Thèse soutenue

Modélisation et fouille de discussions de Web

FR  |  
EN
Auteur / Autrice : Anna Stavrianou
Direction : Julien VelcinJean-Hugues Chauchat
Type : Thèse de doctorat
Discipline(s) : Informatique
Date : Soutenance le 01/02/2010
Etablissement(s) : Lyon 2
Ecole(s) doctorale(s) : École doctorale InfoMaths (Lyon ; 2009-....)
Partenaire(s) de recherche : Laboratoire : Equipe de Recherche en Ingénierie des Connaissances
Jury : Président / Présidente : Stefan Trausan-Matu
Examinateurs / Examinatrices : Pascal Poncelet, Jean-Gabriel Ganascia, Marc El-Bèze

Résumé

FR  |  
EN

The development of Web 2.0 has resulted in the generation of a vast amount of online discussions. Mining and extracting quality knowledge from online discussions is significant for the industrial and marketing sector, as well as for e-commerce applications. Discussions of this kind encapsulate people's interests and beliefs and hence, there is a great interest in acquiring and developing online discussion analysis tools. The objective of this thesis is to define a model which represents online discussions and facilitates their analysis. We propose a graph-oriented model. The vertices of the graph represent postings. Each posting encapsulates information such as the content of the message, the author who has written it, the opinion polarity of the message and the time that the message was posted. The edges among the postings point out a ''reply-to'' relation. In other words they show which posting replies to what as it is given by the structure of the online discussion.The proposed model is accompanied by a number of measures which facilitate the discussion mining and the extraction of knowledge from it. Defined measures consist in measures that are underlined by the structure of the discussion and the way the postings are linked to each other. There are opinion-oriented measures which deal with the opinion evolution within a discussion. Time-oriented measures exploit the presence of the temporal dimension within a model, while topic-oriented measures can be used in order to measure the presence of topics within a discussion.

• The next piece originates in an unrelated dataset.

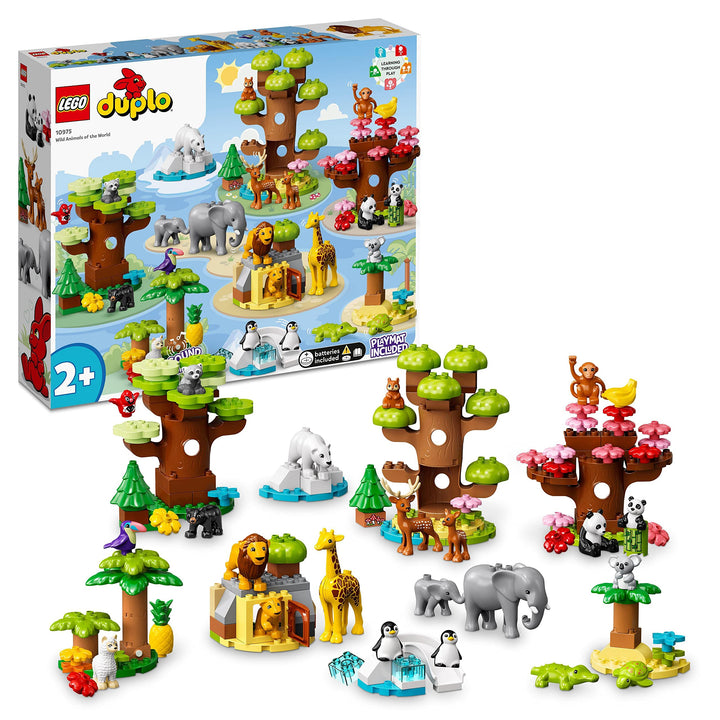 LEGO 10975 DUPLO Wilde Tiere der Welt Zoo Spielzeug mit Sound, mit 22 Tierfiguren und Steine, Lernsp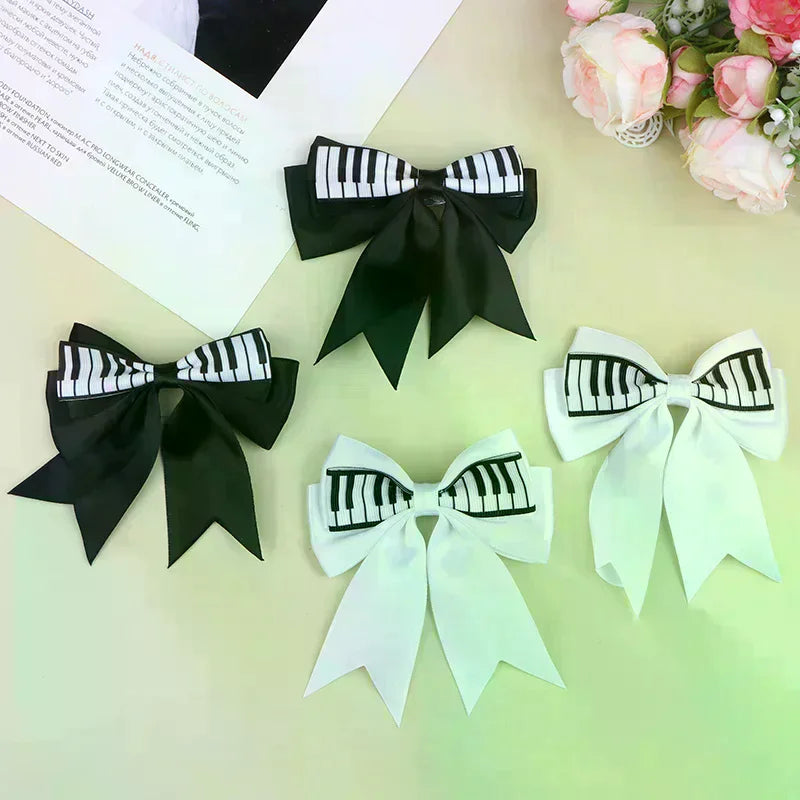 Piano Key Bow Hair Clip – Musical Non-Slip Grip for Women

The user's presence inside the online discussions can be exploited either by social network techniques or through the new model which encapsulates knowledge about the author of each posting.The representation of an online discussion in the proposed way allows a user to ''zoom'' inside the discussion. A recommendation of messages is proposed to the user to enable a more efficient participation inside the discussion.Additionally, a prototype system has been implemented which allows the user to mine online discussions by selecting a subset of postings and browse through them efficiently.